Cependant, il y a un effort connexe pour lequel je ne vois aucune
objection raisonnable à la participation vigoureuse des
neuro-scientifiques : la formulation des conventions internationales
pour établir des limites à l’utilisation des innovations basées sur la
neuroscience dans un conflit international. Certaines drogues sont déjà
couvertes par les traités contre les armes chimiques et biologiques, et
le droit international des droits de l’homme interdit dans son principe
de nombreuses pratiques qui exploitent la connaissance du cerveau et du
système nerveux central. Mais, par exemple, la convergence des
neurosciences avec la cyber-technologie et autour des drones soulève de
nouvelles questions qui n’ont pas été envisagées auparavant.
La neuroscience avance rapidement, et les applications expérimentales
se déroulent à un rythme vertigineux. Mais les États souverains peuvent
mettre des décennies pour parvenir à des accords multilatéraux
contraignants. Compte tenu des conséquences de la lenteur de
l’application des règles régissant l’utilisation des armes atomiques,
les générations futures pourraient se demander : qu’attendons-nous
maintenant ?
Jonathan D. Moreno est professeur d’université
de Lyn Silfen à l’université de la Pennsylvanie et l’auteur de guerres
mentales : La recherche sur le cerveau et l’armée au 21ème siècle.
Liens
Des psy-Op à la guerre psychologique : La psychologie de la victoire
Note du traducteur
Cet article est issu d'une recherche sur le concept de Mind War ou Guerre psychologique à la suite de la traduction de l'article de Michael A. Aquino. Il pose assez clairement le problème de la recherche, dont les applications militaires ou dans le domaine de la surveillance de masse.

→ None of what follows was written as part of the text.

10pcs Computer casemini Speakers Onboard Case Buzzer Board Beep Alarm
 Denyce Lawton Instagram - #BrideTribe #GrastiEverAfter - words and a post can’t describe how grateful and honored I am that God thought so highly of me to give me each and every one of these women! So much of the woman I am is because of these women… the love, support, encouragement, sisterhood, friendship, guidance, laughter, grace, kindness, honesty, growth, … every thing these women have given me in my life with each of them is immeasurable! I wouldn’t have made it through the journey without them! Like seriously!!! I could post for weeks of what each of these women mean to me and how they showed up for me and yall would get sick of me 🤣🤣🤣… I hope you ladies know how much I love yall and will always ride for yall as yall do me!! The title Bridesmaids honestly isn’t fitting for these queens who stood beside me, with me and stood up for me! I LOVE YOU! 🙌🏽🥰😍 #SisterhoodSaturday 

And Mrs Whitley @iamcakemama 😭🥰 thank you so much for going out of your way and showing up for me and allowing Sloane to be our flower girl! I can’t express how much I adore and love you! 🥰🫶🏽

L'auteur semble clairement technophile et son article donne l'impression d'être un plaidoyer pour un accord tacite en faveur d'un laisser-faire.
Il ne peut ignorer les implications de ces recherches sur l’ingénierie sociale, la controverse sur les applications autour de l'intelligence artificielle ou du transhumanisme. On peut le vilipender, mais au vu de la machine implacable qui fait croître la techno-sphère jour après jour, avec la collaboration implicite de chacun à son petit niveau, il est difficile de lui jeter la pierre. Entre ceux qui poussent et ceux qui ne freinent pas, on peut dire que le projet avance, quel qu'il soit.